The panel opened with Dr Dan Welch, who offered an overview of the academic critique of sustainable consumption and the social organization of consumption. He was followed by Dr Tom Schroeder who described food trends and multiple normatives, asking the question of what food trends actually imply. He argued that food trends (and their following) allow individual expressions of normatives and positioning as well as providing shortcuts to decision-making in a world of multiple choice possibilities, something he likened to a compass for complex decision-making navigation.
After a fine lunch Professor Sally Randles delivered the second Keynote and her Inaugaral Lecture, De-facto Responsible innovation, What is it and why does it matter?
In a very entertaining and accessible lecture, Professor Randles described her involvement in RI, the history and development of her position and the development of the concept of de-facto responsible innovation, before raising the issue of the influence of markets upon RI and RI processes.
The third and final keynote was delivered by video from Arizona, as Professor Erik Fisher described the development of RI in terms of international collaborations, and the development of future visions and their influence and effect upon the RI debate. Readers will know that Professor Fisher is well qualified for such a lecture as he is Editor in Chief of the Journal of Responsible Innovation and is an integral part of the Virtual Institute of responsible Innovation, both organizations and projects that the Foundation participates fully within.
Fisher described how roles for experts must be re-thought out in the light of current public cynicism towards science and experts, before describing his concept of Socio-technical integration through his STIR Cities Project. He explained his goal of bringing his STIR concept out of the science laboratory and into the city, offering three examples of his work across different cities.
The afternoons proceeding were then spiced and sped up with an extremely entertaining session of five minute elevator pitches from SEEG members. The first to pitch were those members from the Faculty of Business and Law, swiftly followed by those from the Faculty of Science and Engineering, representing the interdisciplinarity and broad spectrum of perspectives represented within the project.
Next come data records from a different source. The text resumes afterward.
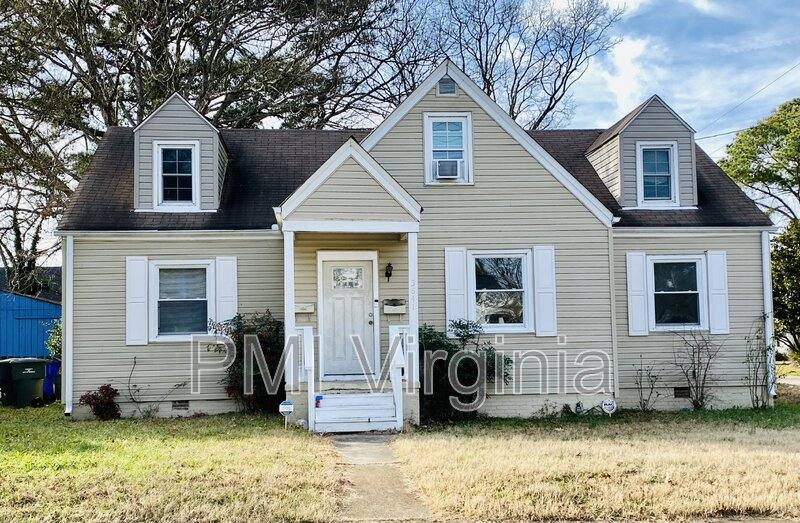 Apartment for rent at 3841 Chatham Circle #B, Norfolk, VA 23513
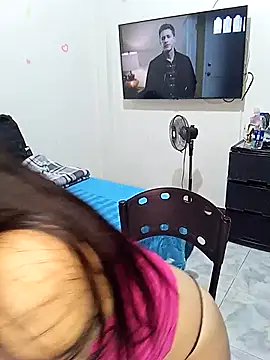 Damnhot26 online show from November 2025 02:54:01 AM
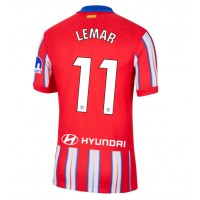 Atletico Madrid Thomas Lemar #11 Heimtrikot 2024-25 Kurzarm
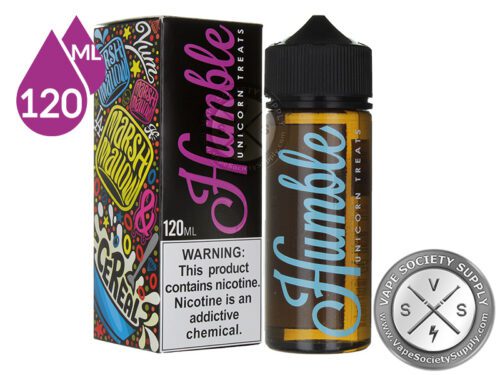 Humble Juice Co Unicorn Treats 120ml Eliquid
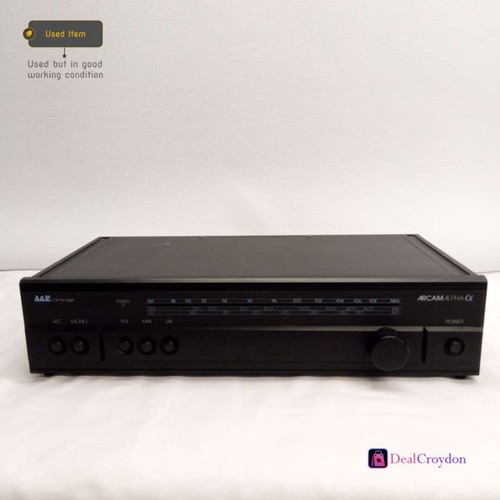 Arcam alpha cambridge 3 - a&r,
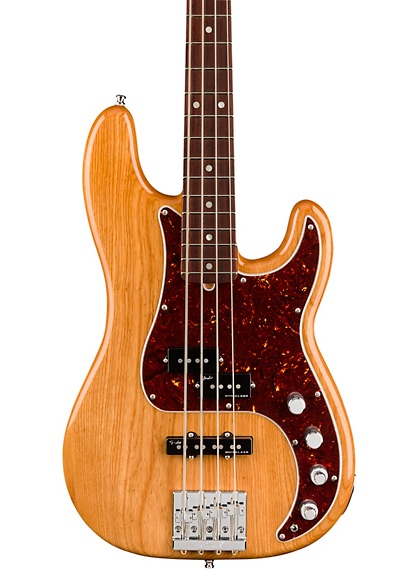 Bajo Eléctrico Fender American Ultra Precision Bass 2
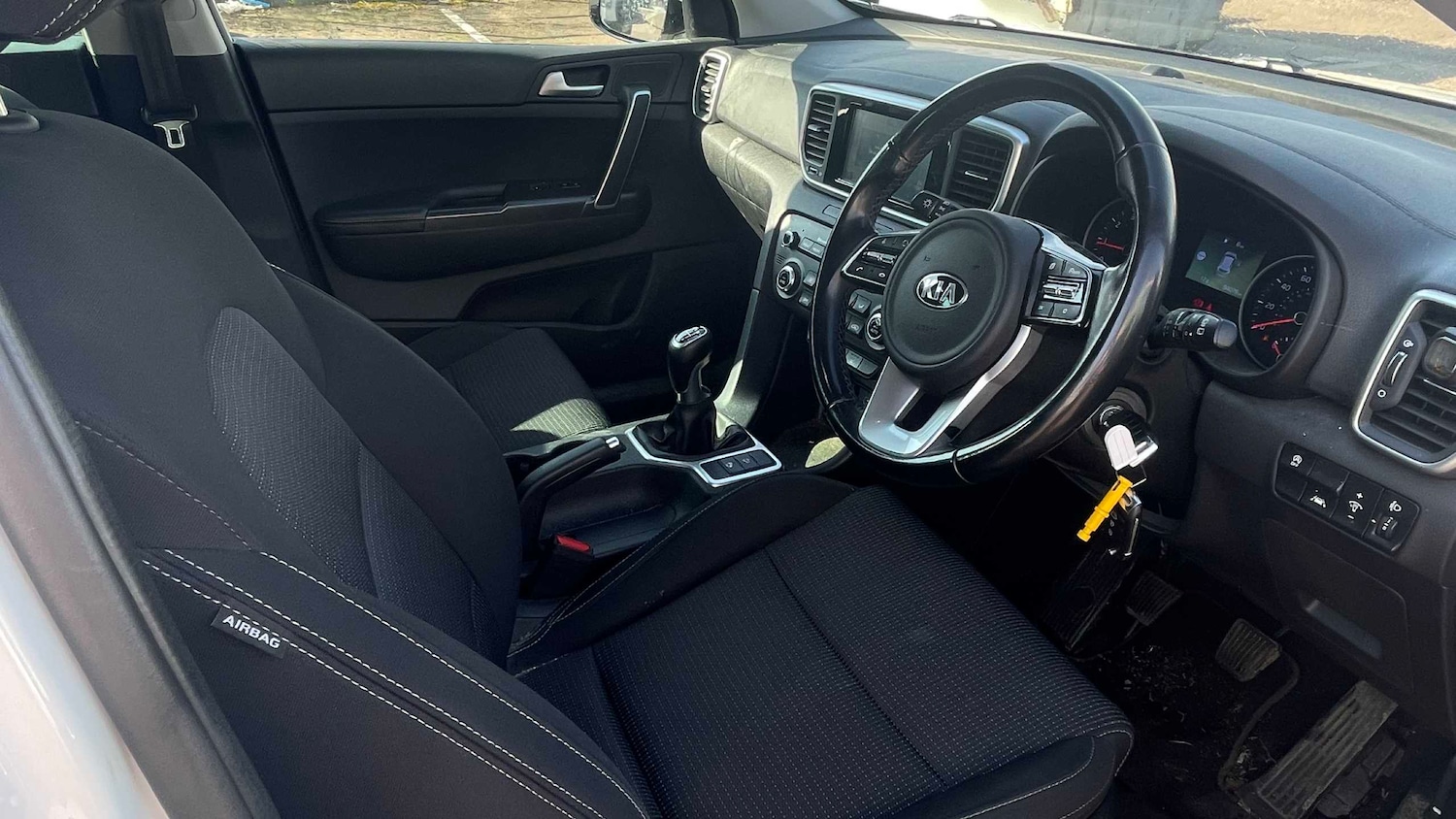 Used Kia Sportage 2019 for sale - 77961080: Photo 8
The event was brought to drinks and refreshments with a short question and answer session hosted by Sally Randles and Olga Kuznetsova, with the floor taking the lead with a series of incisive and entertaining questions and answers.
After the refreshment the meeting hosted a question and answer and panel discussion with the Sustainability and the City Panel. This panel was made up of people who work in the Manchester area within various sustainability, climate and environmental projects, alongside representatives of the university and the Manchester City Council. The panel described the practicalities “on the ground” of their divergent approaches, followed by questions from both within the panel and the floor.
The event was brought to a close with a final reception.
This was en extremely informative but above all entertaining meeting. The 5 minute elevator pitch section really kept the event alive, bringing excitement and quick-fire responses to the afternoon. The organization was flawless, and I must add that in the 20 years or so since I was a student in Manchester services and capabilities have been transformed.
I very much look forward to continuing my collaboration with SEEG, and on behalf of the Foundation we all wish all those involved the very best with the project.